**Exercise:** Your task is to transcribe the data exactly while omitting each picture.

**The data:**
----

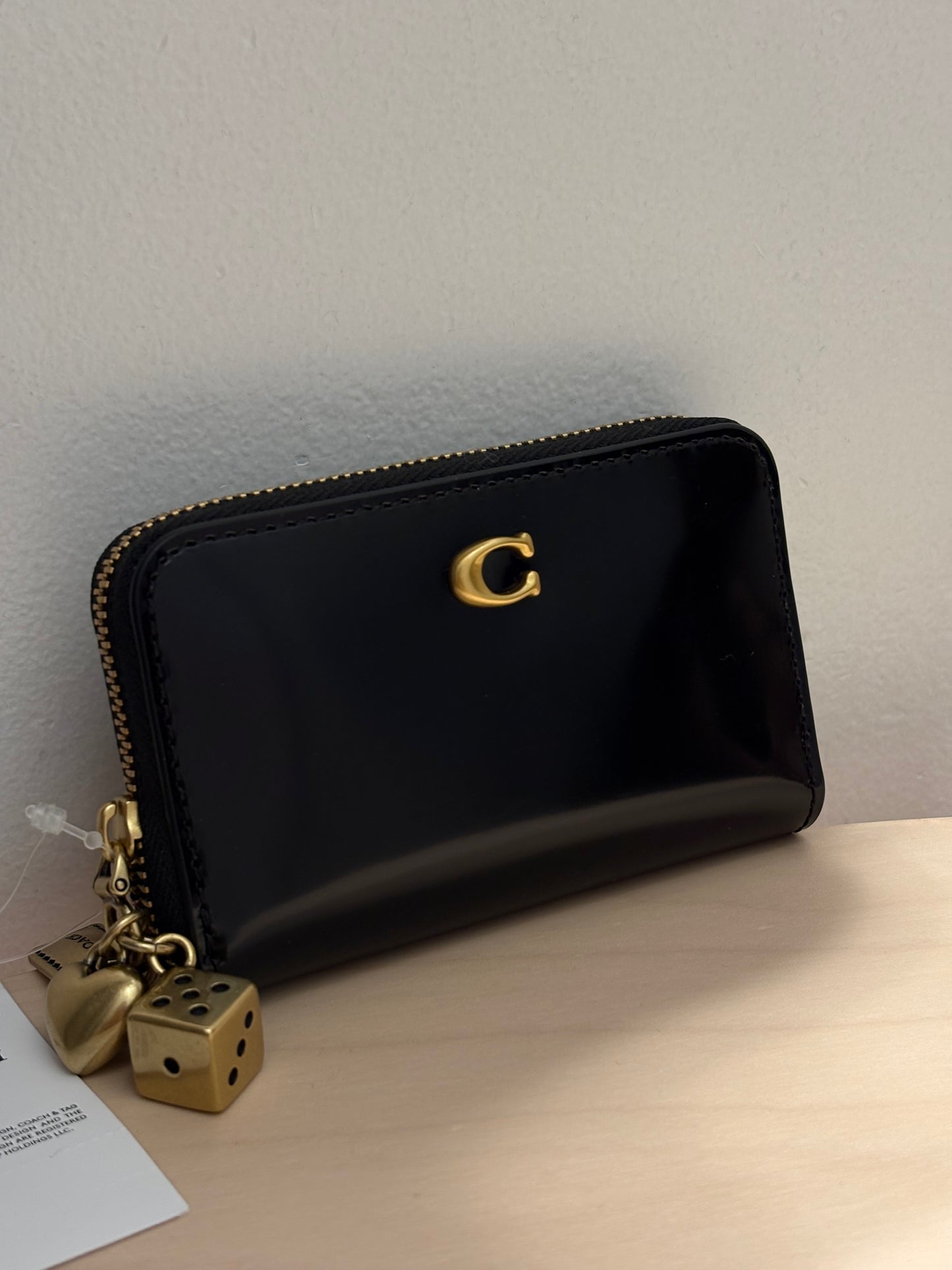 [現貨] Coach Essentials Zip Around Wallet 亮面零錢卡包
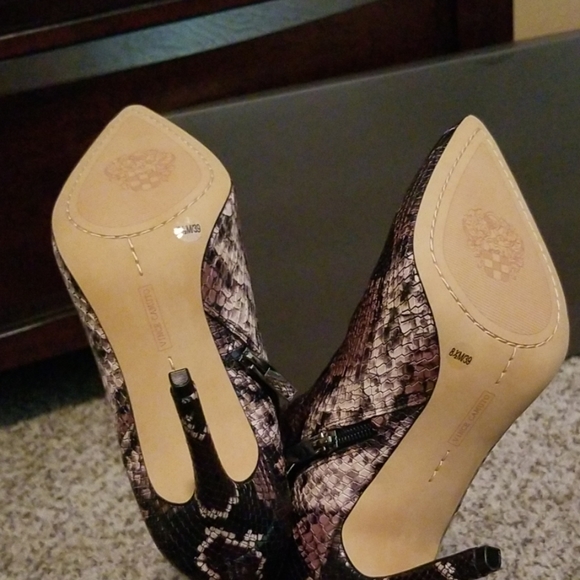 Vince Camuto boots - Picture 2 of 3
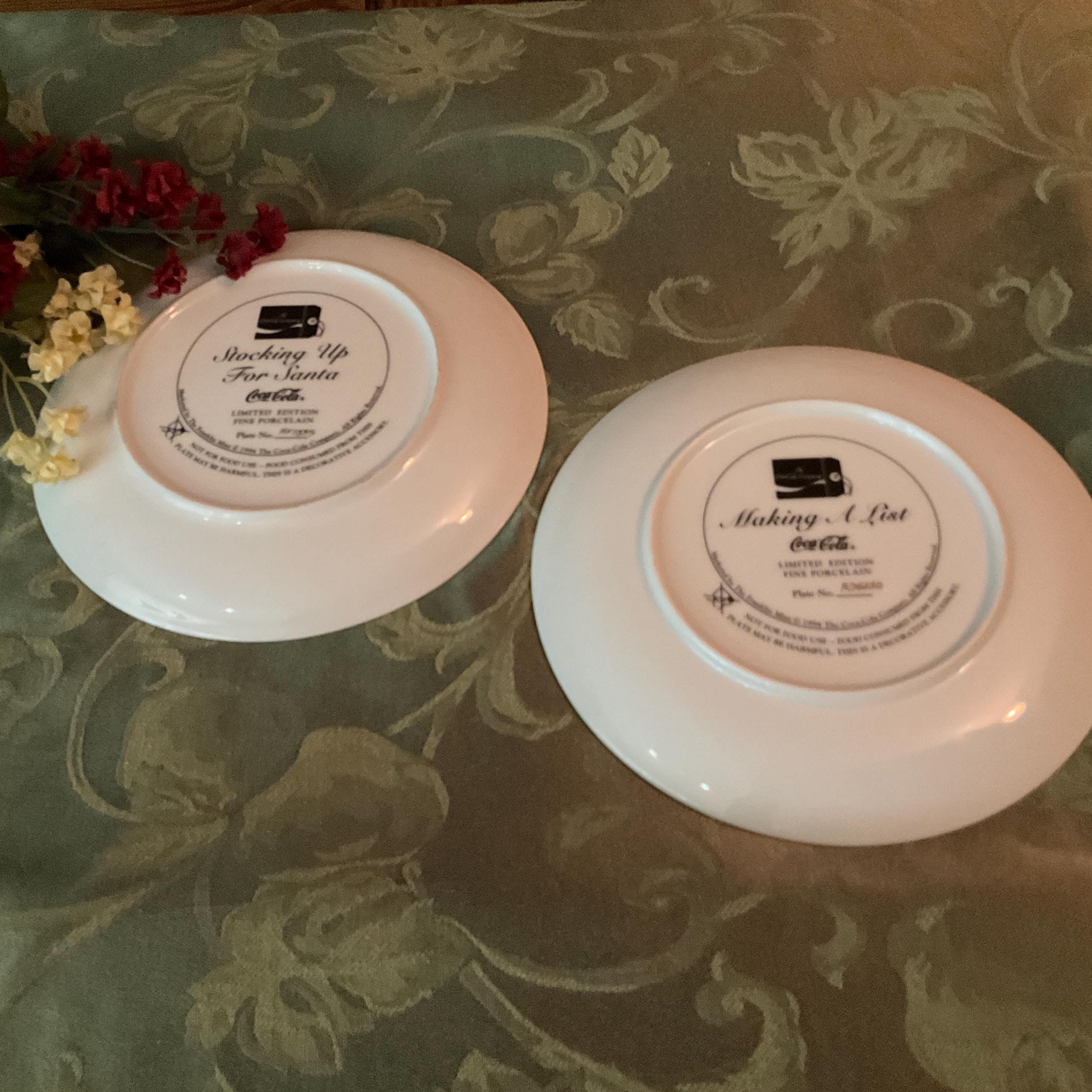 1994 Coca Cola Santa Porcelain Plates - Franklin Mint Limited  display picture 1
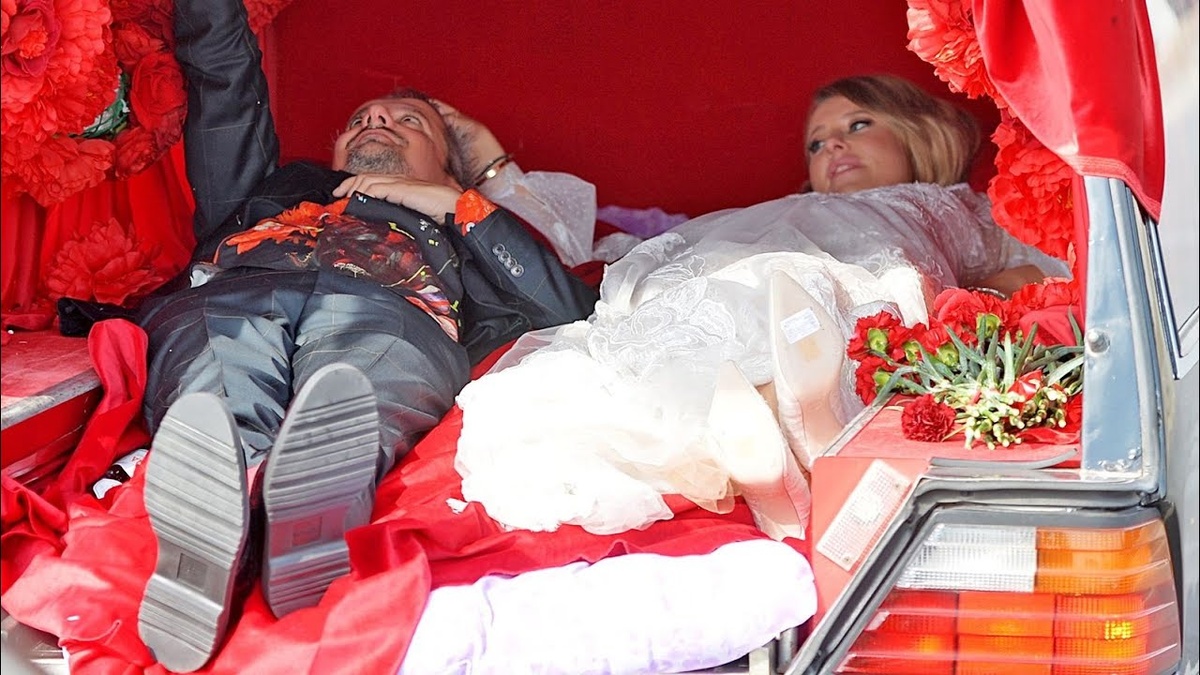 13 сентября 2019 года в Москве состоялась свадьба Ксении Собчак и Константина Богомолова. Молодожёны приехали в Грибоедовский загс на катафалке с надписью «Пока смерть не разлучит нас». Фото из доступных источников интернета.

----

**Response below:**
 [現貨] Coach Essentials Zip Around Wallet 亮面零錢卡包
 Vince Camuto boots - Picture 2 of 3
 1994 Coca Cola Santa Porcelain Plates - Franklin Mint Limited  display picture 1
 13 сентября 2019 года в Москве состоялась свадьба Ксении Собчак и Константина Богомолова. Молодожёны приехали в Грибоедовский загс на катафалке с надписью «Пока смерть не разлучит нас». Фото из доступных источников интернета.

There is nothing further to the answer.